16

I need to access a lucene index ( created by crawling several webpages using Nutch) but it is giving the error shown above :

java.io.FileNotFoundException: no segments* file found in org.apache.lucene.store.FSDirectory@/home/<path>: files:
    at org.apache.lucene.index.SegmentInfos$FindSegmentsFile.run(SegmentInfos.java:516)
    at org.apache.lucene.index.IndexReader.open(IndexReader.java:185)
    at org.apache.lucene.index.IndexReader.open(IndexReader.java:148)
    at DictionaryGenerator.generateDict(DictionaryGenerator.java:24)
    at DictionaryGenerator.main(DictionaryGenerator.java:56)

I googled but the reasons given were not matching the requirements. The fact that files are being shown ( the path) probably means that the directory is not empty.
Thanks

crazyaboutliv
  • 3,029
  • 9
  • 33
  • 50

3 Answers3

29

Another hint, as I was having the same error and found that after creating indexes I did not close IndexWriter and it proved very unforgiven. In my indexdirectory I have some .lock files and no segments or segments.gen files which is what Reader is looking for. See here #3 for details

nir
  • 3,743
  • 4
  • 39
  • 63
  • 1
    Just for those who are wondering (as I did): Even if you close your IndexWriter, the `write.lock` file will still exist in your folder.
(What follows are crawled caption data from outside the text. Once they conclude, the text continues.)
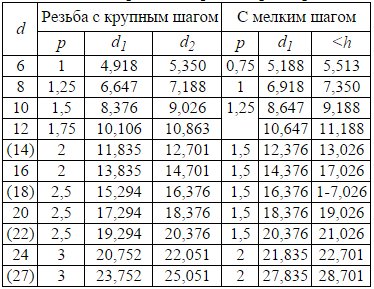 Услуги сантехника в Москве и Московской области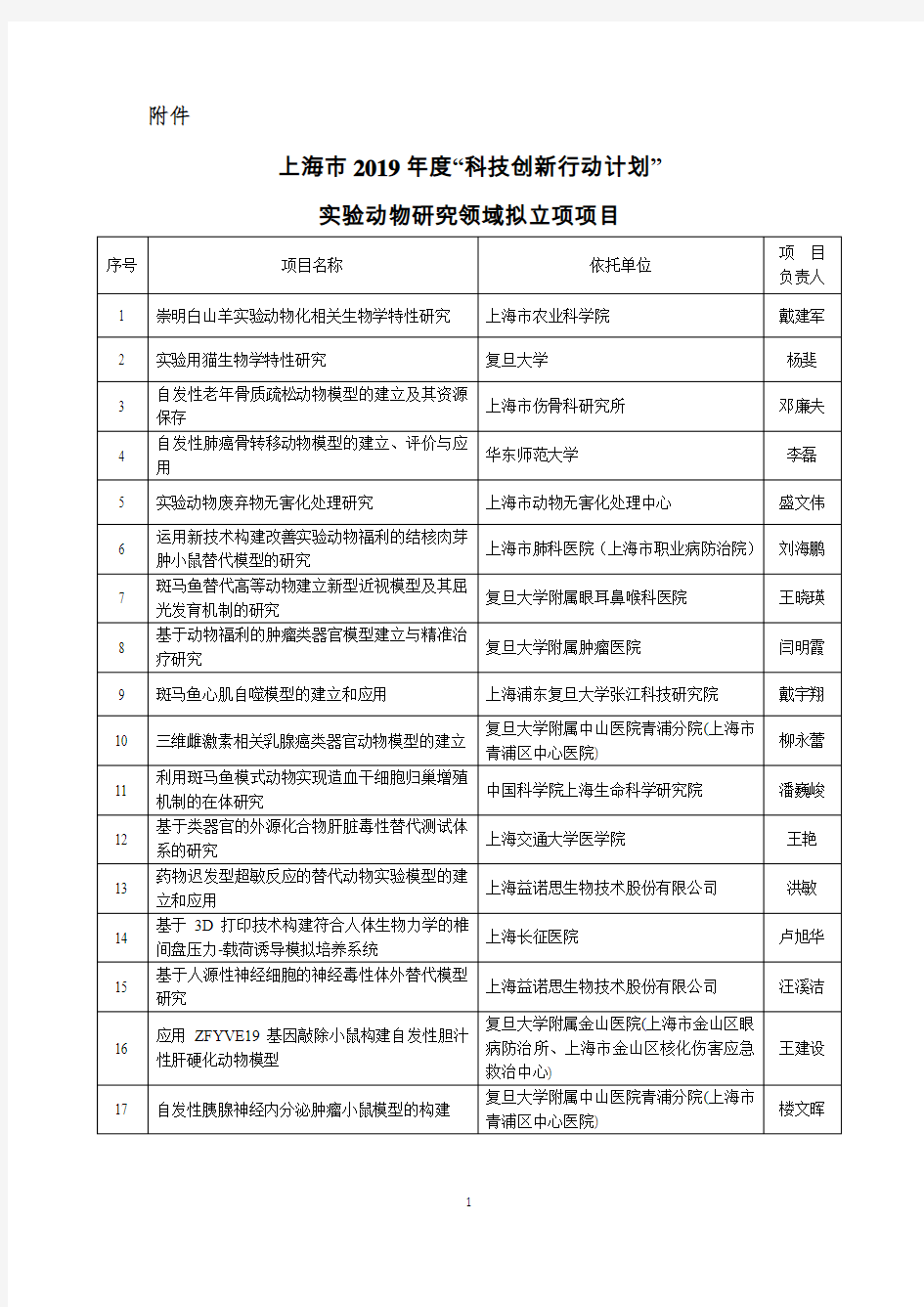 上海市2019年度科技创新行动计划实验动物研究领域拟立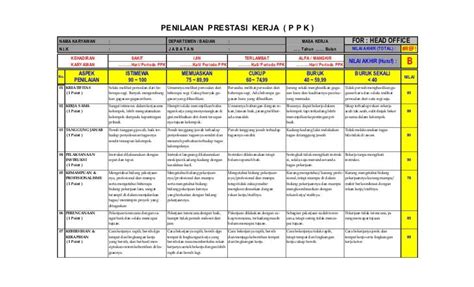 Contoh Penilaian Kinerja Karyawan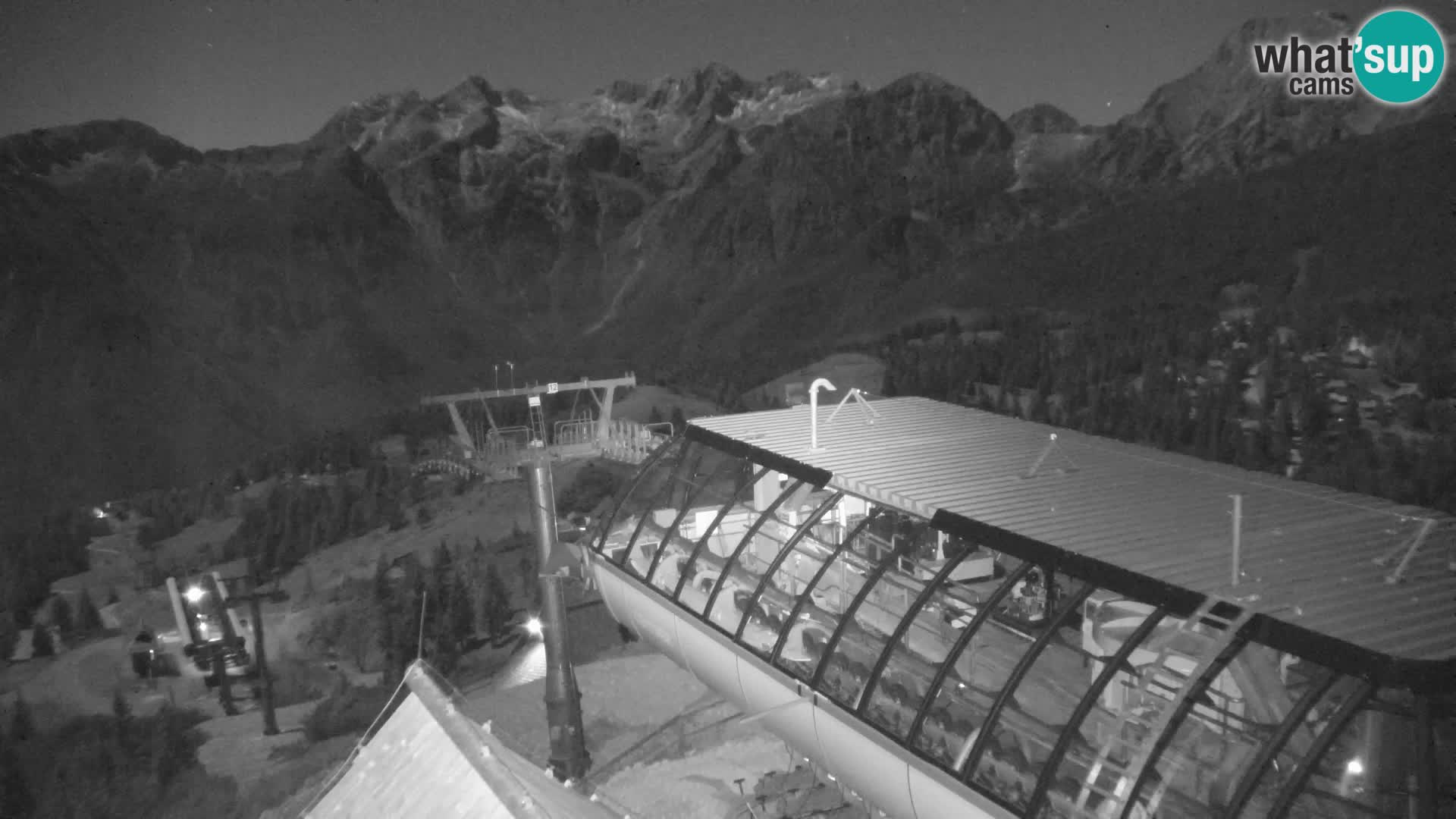 Velika Planina | Gradišče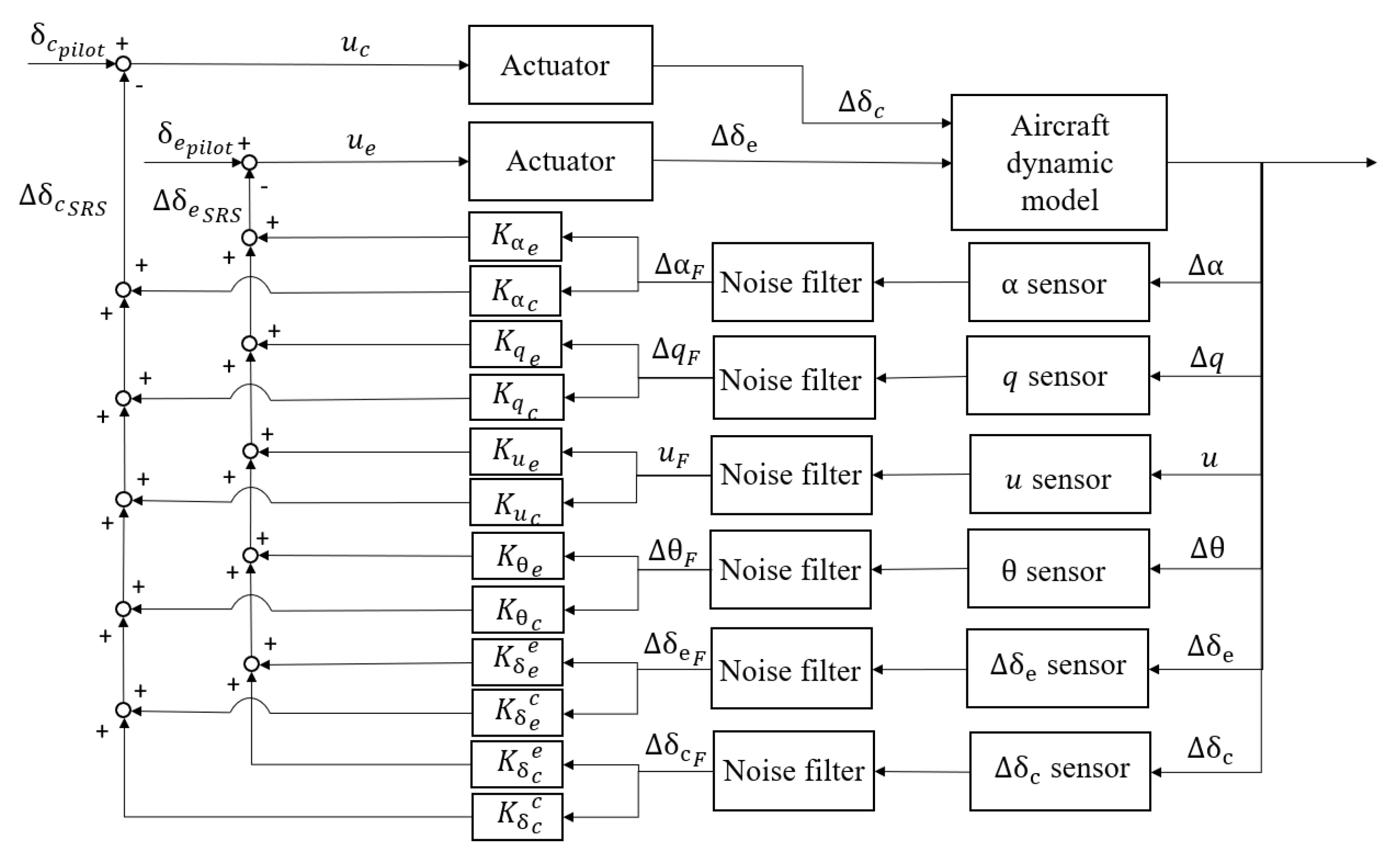 Aerospace 08 00139 g008 550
So don't care if this file doesn't get deleted. – Munchkin Jun 18 '15 at 13:46
  • @nir, this absolutely the problem for me! Thank you! – Zac Taylor Mar 28 '20 at 18:13
9

Basically, the error message says that Lucene did not find the proper files in the index directory. I suggest checking the following:

  1. Verify the path of the index directory fits what you think it should be.
  2. Do the Nutch and Lucene versions used match? This may stem from a version difference.
  3. Is there a permissions issue? Can you read the files in the directory?
  4. Try looking at the index using Luke. If you cannot, there is probably some corruption in the index.

If all these do not help, Please post the indexing part of the code.

Yuval F
  • 20,565
  • 5
  • 44
  • 69
  • I did all of them except the Nutch and Lucene versions.I was not aware that there has to be a compatibility between Lucene and Nutch . If it helps, the lucene version is 2.2 . I can access the files. Infact,i am running the java program in the same directory as the index . Also, i checked the index using Luke and its definitely fine . Also, the thing is that i just became a part of the project. The index is the result of an extensive crawl by Nutch . So , i do not have any indexing code. It was just a crawl .But i will still try to find out the exact picture. – crazyaboutliv Sep 27 '10 at 16:57
  • One thing i have observed is that the newer version of Nutch (1.1) generates 5 folders after a crawl while the data which i have has only 4( out of which segments is one) folders . Can that be an issue ? – crazyaboutliv Sep 27 '10 at 16:58
  • Like Yuval said, make sure that the Java program that you use to read the index uses the same version of Lucene that Nutch used to create the index. – Pascal Dimassimo Sep 28 '10 at 12:44
2

Stumbled upon this issue in 2020:

I had opened the IndexReader using the

org.apache.lucene.index.DirectoryReader#open(org.apache.lucene.store.Directory)

method instead of

org.apache.lucene.index.DirectoryReader#open(org.apache.lucene.index.IndexWriter)

The first one resulted in the error described above, while the latter one worked fine on an empty directory - and seems the way to go here.

Sebastian Schmitt
  • 433
  • 1
  • 5
  • 18